Remark (after seeing some initial answers): I am not expecting the formula to be in conjunctive normal form (this will not make a difference to the essence of the answer, and usually arguments still apply since a CNF is also a formula. But the claim that the constant-number-of-variables version of the problem is regular fails, since one needs parentheses for syntax.).

Conclusion: Contrary to my complexity-theory inspired guess, one can show directly that SAT is not context-free. The situation therefore is:

  1. It is known that SAT is not context-free (in other words: SAT is not in $\textbf{CFL}$), under the assumption that one uses a "direct" encoding of formulae where propositional variables are identified by binary numbers (and some further symbols are used for operators and separators).
  2. It is not know if SAT is in $\textbf{LOGCFL}$, but "most experts think" that it is not, since this would imply $\textbf{P}=\textbf{NP}$. This also means that it is unknown if other "reasonable" encodings of SAT are context-free (assuming that we would consider logspace an acceptable encoding effort for an NP-hard problem).

Note that these two points do not imply $\textbf{CFL}\subsetneq\textbf{LOGCFL}$. This can be shown directly by showing that there are languages in $\textbf{L}$ (hence in $\textbf{LOGCFL}$) that are not context-free (e.g., $a^nb^nc^n$).

mak
  • 504
  • 2
  • 14
  • If it were, then P = NP. – Ryan Dougherty Jan 17 '17 at 15:33
  • 1
    If SAT were context free then dynamic programing (the CYK algorithm) would give a polynomial time algorithm for testing membership in SAT, giving P=NP. Even P=NP wouldn't mean that SAT were Context-Free.

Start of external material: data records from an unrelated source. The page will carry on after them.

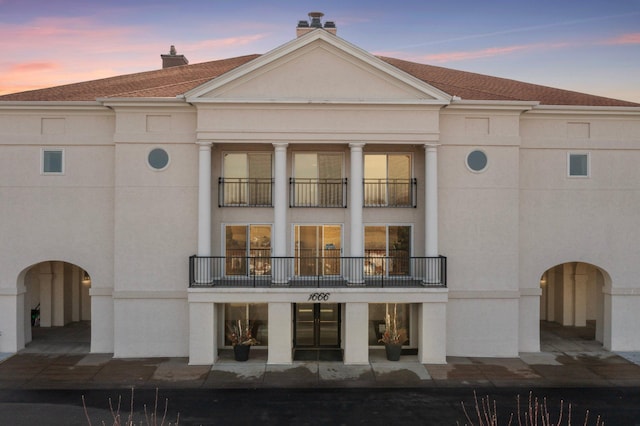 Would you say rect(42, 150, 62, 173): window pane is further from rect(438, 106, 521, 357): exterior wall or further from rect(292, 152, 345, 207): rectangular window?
rect(438, 106, 521, 357): exterior wall

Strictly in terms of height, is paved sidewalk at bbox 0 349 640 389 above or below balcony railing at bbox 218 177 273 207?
below

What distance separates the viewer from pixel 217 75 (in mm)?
21266

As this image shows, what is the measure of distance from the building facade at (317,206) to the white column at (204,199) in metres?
0.07

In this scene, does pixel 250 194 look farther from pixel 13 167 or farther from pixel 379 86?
pixel 13 167

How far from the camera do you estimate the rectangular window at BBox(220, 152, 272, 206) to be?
1928 cm

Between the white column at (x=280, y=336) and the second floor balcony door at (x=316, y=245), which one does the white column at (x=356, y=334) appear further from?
the second floor balcony door at (x=316, y=245)

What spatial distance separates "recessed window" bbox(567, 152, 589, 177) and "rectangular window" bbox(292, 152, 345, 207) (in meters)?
8.60

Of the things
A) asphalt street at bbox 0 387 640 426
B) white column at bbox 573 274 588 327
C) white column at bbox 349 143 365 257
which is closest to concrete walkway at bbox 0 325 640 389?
asphalt street at bbox 0 387 640 426

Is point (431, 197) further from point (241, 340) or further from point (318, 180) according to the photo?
point (241, 340)

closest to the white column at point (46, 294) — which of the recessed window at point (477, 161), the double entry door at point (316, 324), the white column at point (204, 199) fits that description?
the white column at point (204, 199)

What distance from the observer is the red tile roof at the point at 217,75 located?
1897cm

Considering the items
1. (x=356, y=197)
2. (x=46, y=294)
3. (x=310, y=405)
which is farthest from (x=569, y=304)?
(x=46, y=294)

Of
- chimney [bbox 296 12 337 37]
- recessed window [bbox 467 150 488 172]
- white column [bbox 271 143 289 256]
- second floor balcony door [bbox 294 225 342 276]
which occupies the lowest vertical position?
second floor balcony door [bbox 294 225 342 276]

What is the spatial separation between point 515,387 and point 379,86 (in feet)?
35.2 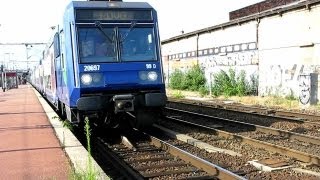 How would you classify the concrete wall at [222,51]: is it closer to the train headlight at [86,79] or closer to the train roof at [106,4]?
the train roof at [106,4]

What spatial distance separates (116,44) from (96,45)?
1.55ft

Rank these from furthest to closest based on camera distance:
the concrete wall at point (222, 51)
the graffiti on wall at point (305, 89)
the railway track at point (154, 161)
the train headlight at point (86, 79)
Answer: the concrete wall at point (222, 51) → the graffiti on wall at point (305, 89) → the train headlight at point (86, 79) → the railway track at point (154, 161)

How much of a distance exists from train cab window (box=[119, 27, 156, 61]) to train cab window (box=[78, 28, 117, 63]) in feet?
0.81

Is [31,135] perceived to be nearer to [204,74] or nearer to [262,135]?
[262,135]

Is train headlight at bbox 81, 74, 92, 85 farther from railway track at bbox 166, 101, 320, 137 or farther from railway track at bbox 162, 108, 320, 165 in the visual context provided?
railway track at bbox 166, 101, 320, 137

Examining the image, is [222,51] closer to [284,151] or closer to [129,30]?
[129,30]

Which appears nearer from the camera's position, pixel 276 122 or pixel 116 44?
pixel 116 44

    This encoding of variables seems like it might be more important than you're giving it credit for. I haven't worked out the details but if you added unary or binary "subscripts" to the variables I think you'd have trouble distinguishing (x and y) from (x and not x) for large enough indices.

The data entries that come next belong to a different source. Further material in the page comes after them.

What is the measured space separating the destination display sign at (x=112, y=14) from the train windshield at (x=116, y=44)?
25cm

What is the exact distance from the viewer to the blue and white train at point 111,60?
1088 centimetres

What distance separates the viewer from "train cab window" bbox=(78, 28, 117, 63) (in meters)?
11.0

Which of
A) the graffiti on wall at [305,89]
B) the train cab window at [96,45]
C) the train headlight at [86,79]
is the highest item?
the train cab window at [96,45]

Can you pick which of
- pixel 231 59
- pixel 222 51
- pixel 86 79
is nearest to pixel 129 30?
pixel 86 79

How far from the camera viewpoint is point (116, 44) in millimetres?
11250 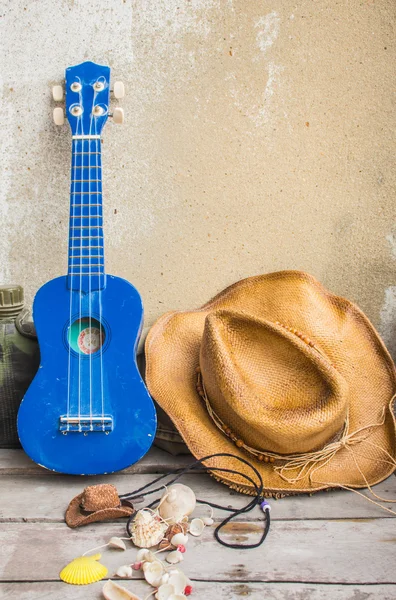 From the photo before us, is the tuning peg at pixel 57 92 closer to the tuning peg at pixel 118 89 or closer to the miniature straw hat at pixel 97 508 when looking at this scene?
the tuning peg at pixel 118 89

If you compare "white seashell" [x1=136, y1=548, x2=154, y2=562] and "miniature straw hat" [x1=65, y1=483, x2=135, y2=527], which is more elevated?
"miniature straw hat" [x1=65, y1=483, x2=135, y2=527]

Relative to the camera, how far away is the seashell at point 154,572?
1.15 meters

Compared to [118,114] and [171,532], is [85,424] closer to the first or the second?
[171,532]

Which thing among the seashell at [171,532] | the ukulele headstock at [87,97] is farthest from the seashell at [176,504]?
the ukulele headstock at [87,97]

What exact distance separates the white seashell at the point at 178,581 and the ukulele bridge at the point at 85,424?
50 centimetres

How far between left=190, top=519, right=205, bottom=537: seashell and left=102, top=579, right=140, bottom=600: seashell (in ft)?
0.82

    – AdamF Jan 17 '17 at 15:35
  • You have to be precise about the representation before claiming P=NP conclusions. For example, factoring a number N is polynomial-time in N (the interesting question is concerning the number of bits needed to write N in binary, or about log N). – Aryeh Jan 17 '17 at 18:17
  • I was aware of the P=NP conclusion and that the answer therefore was not expected to be "yes" (sorry for being a little provocative in how I phrased this ;-). I was still wondering if this is really known or merely something that "most experts believe" (answers now clearly indicate that the former is true; I will select one in due course). – mak Jan 17 '17 at 22:56
  • Wouldn't UNSAT be more likely to be a CFL because all UNSAT formulae have refutation proofs in proof systems (e.g. Resolution or Extended Resolution or Frege) that at least look like they could be context-free? (2) UNSAT and SAT look more like they would be context-free graph languages (CNFs can be viewed as bipartite graphs) which in general are known to be NP-complete to parse, so if they were context-free as graph grammars it wouldn't immediately imply that P=NP.
  • – botsina Nov 04 '23 at 07:18